EmbeddingHandler gets stuck trying to create embeddings for images
Hi Team,
When I try to create embeddigns for some pdf docuements, the program got stuck after some time. After some investigations, it appears that all teh blocks which were pending ( and where application got stuck), had content_type : "image" in the mongodb block document. Perhaps not trying to embed non text blocks should work , trying to do this in code.
Sorry you are running into this issue. A couple of questions/ideas -
- Which combination of embedding db and embedding model are you using?
- Is there "text" in the image block?
Wondering if there is a problem combination of embedding db + embedding model if there is no text found in the block?
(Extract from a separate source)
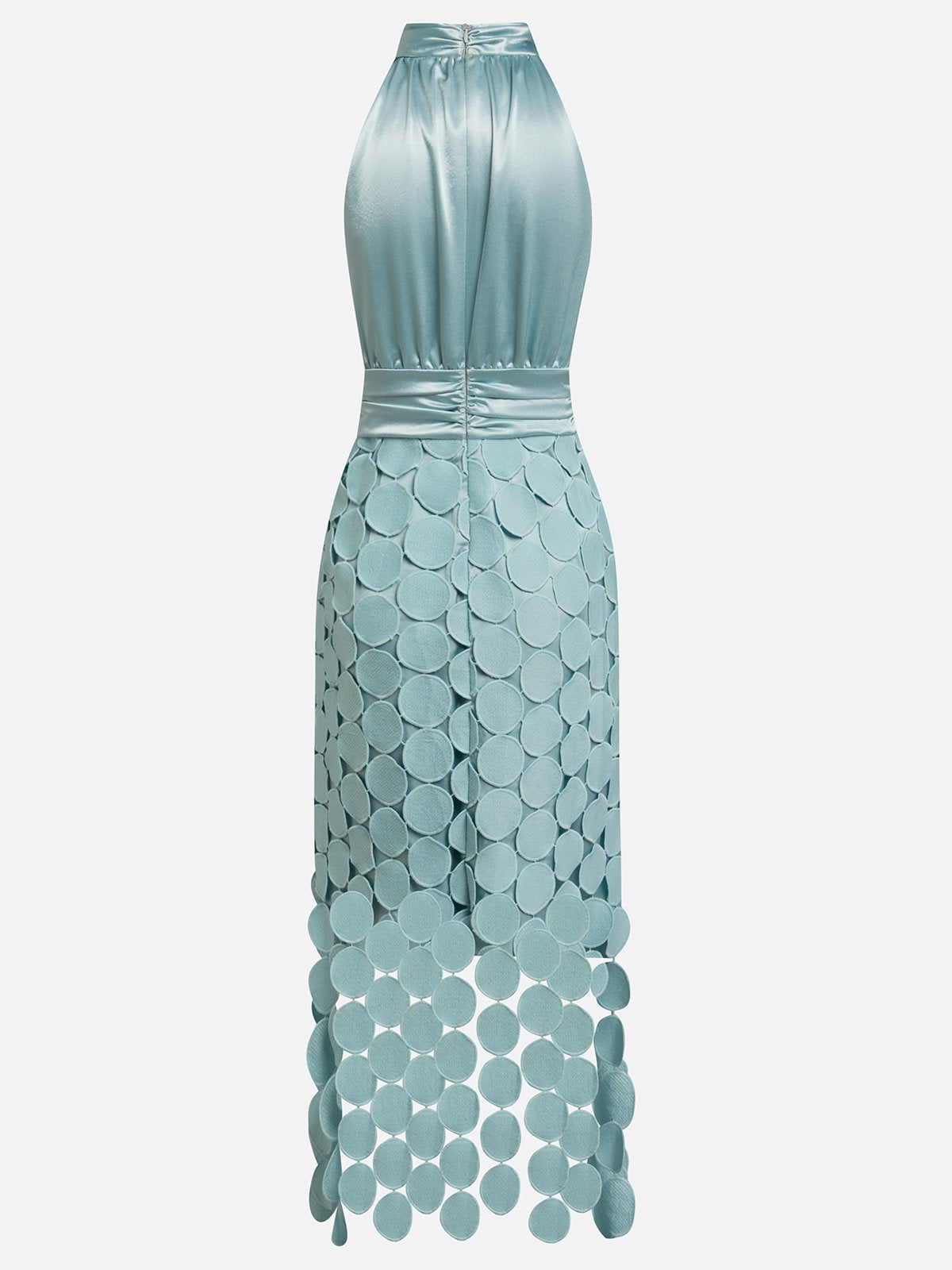 Céline | Elegante Vestido Midi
Hi Darren, thanks for the response. I am using Milvus along with embedding model industry-bert-sec. Also, there is no "text" in the image block, pasting the screenshot of one document which I think is stuck
It seems the code is stuck at the following method in status.py, apparently to keep listening for embedding status:
def tail_embedding_status(self, library_name, model_name, poll_seconds=0.2):
Thread(target = self._tail_embedding_status, args = (library_name, model_name, poll_seconds)).start()
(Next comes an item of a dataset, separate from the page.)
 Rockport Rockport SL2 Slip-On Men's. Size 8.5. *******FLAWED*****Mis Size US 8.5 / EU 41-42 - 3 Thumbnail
However, it gives appearance as if the code is stuck. This can be remedied by making thread as a daemon thread as below so that the thread exits after the main thread has exited ( which shoudl be desired behaviour IMHO) :
def tail_embedding_status(self, library_name, model_name, poll_seconds=0.2):
thread=Thread(target = self._tail_embedding_status, args = (library_name, model_name, poll_seconds))
thread.daemon = True
thread.start()
If that makes sense then I can raise a PR for the same.
Thanks for finding this issue and resolving it - your PR has been merged into the main branch. Appreciate your contribution - and hopefully, the first of many! :)
Thanks for the encouraging comments, I would certainly like to keep contributing. I have not personally found anything better than llmware framework on RAG yet, so I have decided to use it in my own project which is based on RAG.